The Genocide Convention, drafted by the United Nations soon after the Nuremberg trials, represented a significant step toward the establishment of a regime of individual accountability for violations of international law. The Convention compels its signatories to prevent and punish certain enumerated acts committed with the intent to destroy, in whole or in part, a national, ethnic, religious, or racial group. Even though the Khmer Rouge era is widely considered a paradigmatic case of genocide, this article takes as its premise that much of the violence in Cambodia during the Khmer Rouge era (1975-78), in which almost a fifth of the population was executed or killed by being worked or starved to death, may not constitute genocide according to the strict definition of the offence contained in the Convention. This is because the Genocide Convention, unlike other international legal instruments, limits the protected classes to national, ethnic, racial, and religious groups. As such, the Extraordinary Chambers in the Courts of Cambodia (ECCC) may rule that the definition of genocide does not cover a significant portion of the deaths in Cambodia. This example illustrates a critical shortfall of the Genocide Convention.

After protracted debate, the drafters of the Genocide Convention expressly excluded "political groups" from Article II. An examination of the travaux préparatoires of the Convention reveals the compromises - born of politics and the desire to insulate political leaders from scrutiny and liability - that can occur when political bodies attempt to reduce customary law principles to positivistic expression. The exclusion of political groups from the Genocide Convention represents one such compromise. This Article argues that no legal principle can justify this blind spot.
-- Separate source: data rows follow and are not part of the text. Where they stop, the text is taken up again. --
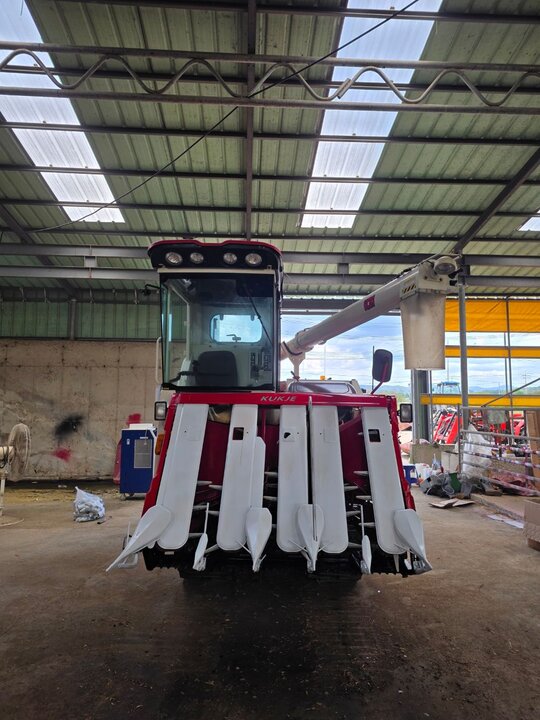 Kukje Combine Harvester KC87 (5Rows)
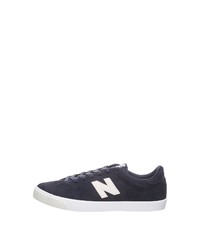 dunkelblaue niedrige Sneakers von New Balance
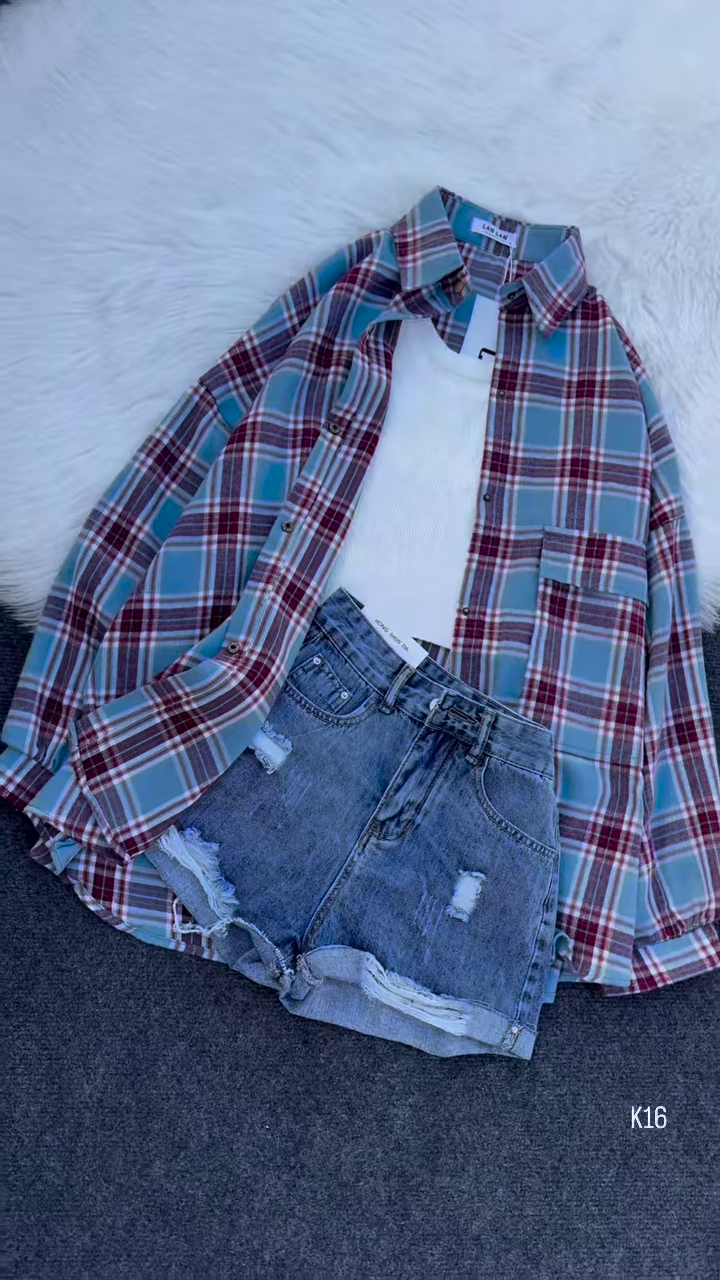 Oversized Plaid Flannel Shirt – Classic & Cozy - Image 4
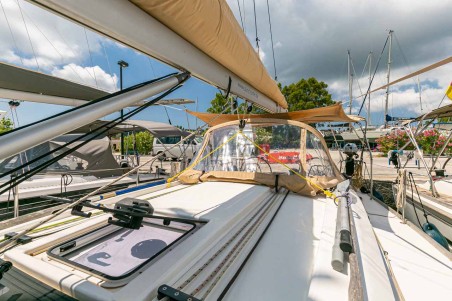 Dufour 350 GL | Yacht Charter Greece | Travelboat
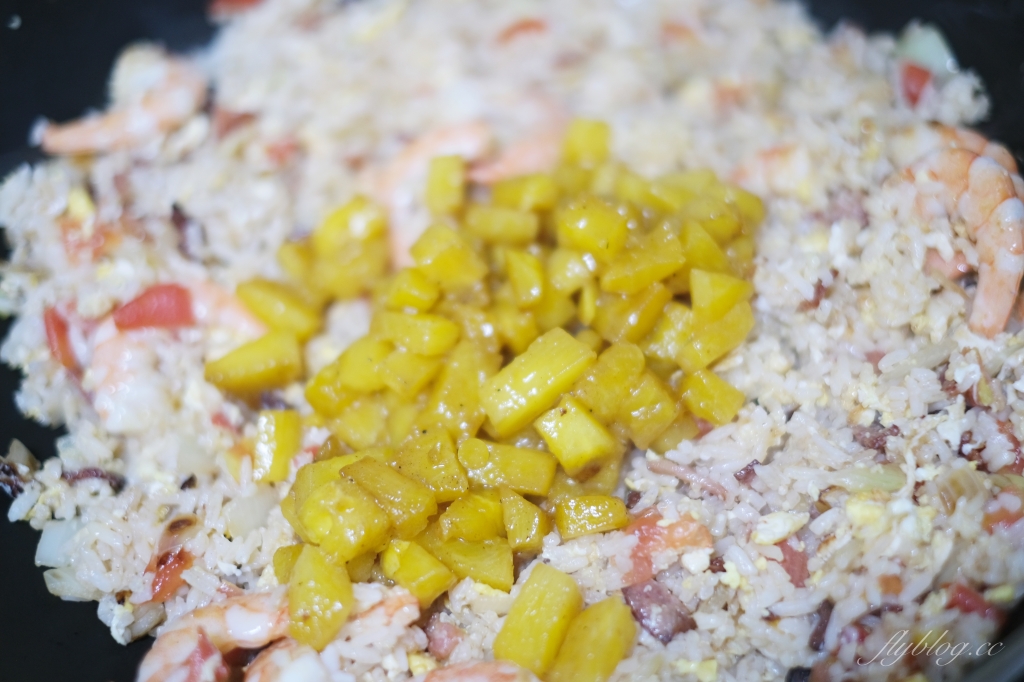 泰式鳳梨蝦仁炒飯做法｜整顆鳳梨上桌就是儀式感，泰式「鳳梨蝦仁炒飯食譜」其實不難 @飛天璇的口袋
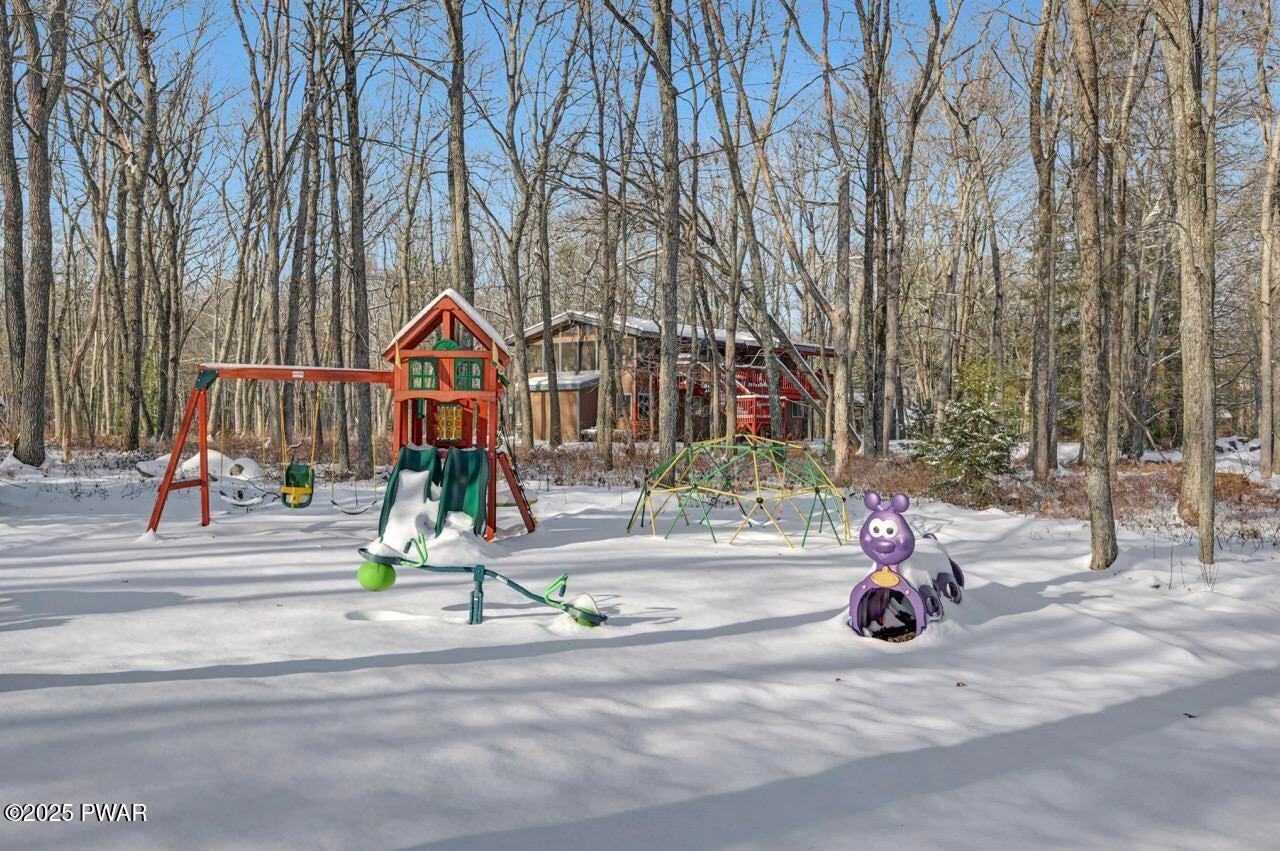 Lords Valley, Pennsylvania, 18428, United States, 6 Bedrooms Bedrooms, ,3 BathroomsBathrooms,Residential,For Sale,2001480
The Article also suggests that the Genocide Convention may not be the sole authority on the crime of genocide. Rather, a higher law exists: The prohibition of genocide represents the paradigmatic jus cogens norm, a customary and peremptory norm of international law from which no derogation is permitted. The jus cogens prohibition of genocide, as expressed in a variety of sources, may be broader than the Convention's prohibition, as has been demonstrated with respect to the jurisdictional principles applied to acts of genocide. Notwithstanding that the framers of the Genocide Convention attempted to limit the prohibition of genocide by deliberately excluding political groups from Article II, this provision is without legal force to the extent that it is inconsistent with the jus cogens prohibition of genocide. Therefore, when faced with mass killings evidencing the intent to eradicate political groups in whole or in part, domestic and international adjudicatory bodies should apply the jus cogens prohibition of genocide and invoke the Genocide Convention vis-à-vis signatories only insofar as it provides practical procedures for enforcement and ratification.

As an overarching theme, this Article discusses the multiplicity of sources in international law and they way in which treaty and customary law rules diverge and interact over time.